WEB DESK: It has been reported in a section of the press that the federal government and provinces have failed to agree on a formula to enhance wheat subsidy.
It maybe recalled that Federal Finance Minister Ishaq Dar announced during his 3rd June budget speech that “from 1st July 2016, the government has decided that the price of urea is further reduced to Rs 1400 per bag. In this instance, just as in the past, the federal and provincial governments will pay the cost of subsidy which will be Rs 36 billion in equal shares… the government has decided that with effect from 1st July 2016, the price per bag of DAP will be Rs 2500. In this instance, just as in the past, the federal and provincial governments will pay the cost of subsidy which will be Rs 10 billion, in equal shares.”

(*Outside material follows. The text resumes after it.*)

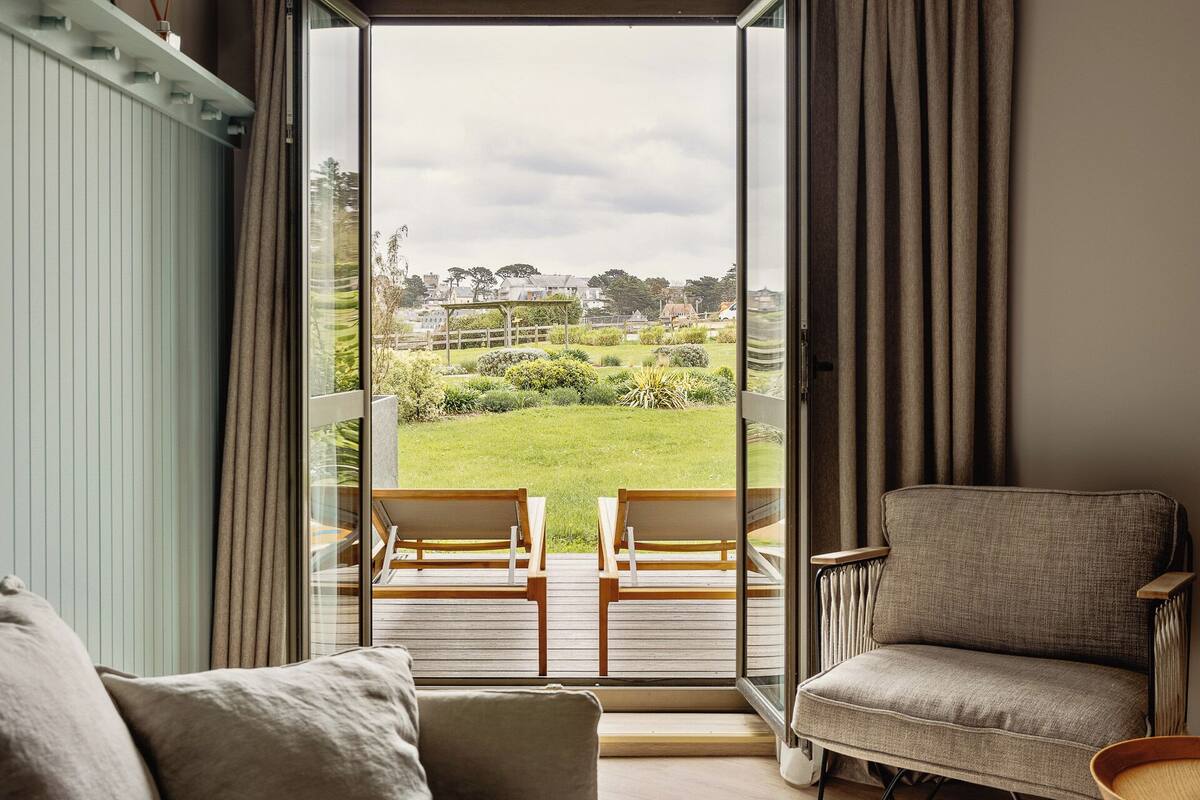 junior suite, ground floor | view from room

A well-informed official revealed that the Centre and two provinces – Sindh and Punjab – did not agree with the federal government’s subsidy-sharing formula and added that the Centre has given more time to the provinces to reconsider their decision. This is yet another example of the extremely unfortunate trend where the Federal Ministry of Finance takes decisions that involve provinces without first taking them on board.
The other recent example of such high-handedness on the part of the Centre was witnessed when the Centre designated the provincial governments as withholding agents; in the words of the Finance Minister during his budget speech “a large number of persons are filing sales tax returns with the provincial revenue authorities but are not filing income tax returns, it is proposed that such non-filers may be required to pay advance income tax monthly, to be collected by provincial revenue authorities along with sales tax returns, at the rate of 3 percent of turnover.” Subsequently the onus of paying tax was put on the taxpayer and not on the province with the addition of the following provision:
“Every provincial sales tax registered person; who is a non-filer (for income tax purposes); to pay 3% of the turnover declared before provincial revenue authority as monthly advance tax; at the time when the provincial sales tax return is due.” This additional provision defies logic as why a non-filer who has not filed his/her income tax returns but has filed sales tax returns would because of this provision volunteer to file his income tax returns.

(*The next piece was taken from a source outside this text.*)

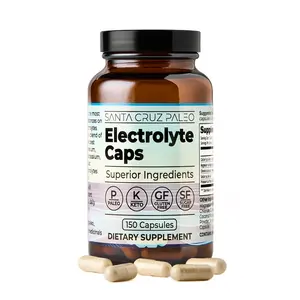 Electrolyte Caps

There are other instances where the federal government has opted not to get provincial input prior to announcing a policy measure that, subsequent to provincial opposition, required a withdrawal and/or amendment. The Council of Common Interests (CCI) is a forum provided by the constitution, requiring at least a meeting once in three months that could have been used by the Centre to get the provinces on board; however sadly this forum has rarely been used since the Sharif administration took over the reins of government more than three years ago. And with Punjab also not on board in several instances, where the PML-N has formed a government, the trend to bypass provinces in decisions which would have implications on their budgets is all the more inexplicable.
Reports indicate that the federal government’s decision to extend support to the farm sector in budget 2016-17, which included the subsidy for fertiliser, was due to the insistence by the Punjab Chief Minister, Shahbaz Sharif, that the farm sector was suffering considerably from the Centre’s economic policy measures and that unless and until some relief was provided the PML-N would lose support of this large sector in Punjab.
Other federal budgetary measures in support of the farm sector focus on credit and its availability, which is a challenge to procure for the poor and subsistence farmers and include: (i) an enhancement in target of agriculture sector; (ii) a reduction in cost of credit by 2 percent may be insufficient inducement for poor and subsistence farmers to procure loans; (iii) a credit guarantee scheme through which the federal government would share the risk of non-payment of credit by small farmers by guaranteeing up to 50 percent of financing by participating financial institutions; and (iv) a concessional electricity tariff for tubewells that again are owned by middle income and rich farmers.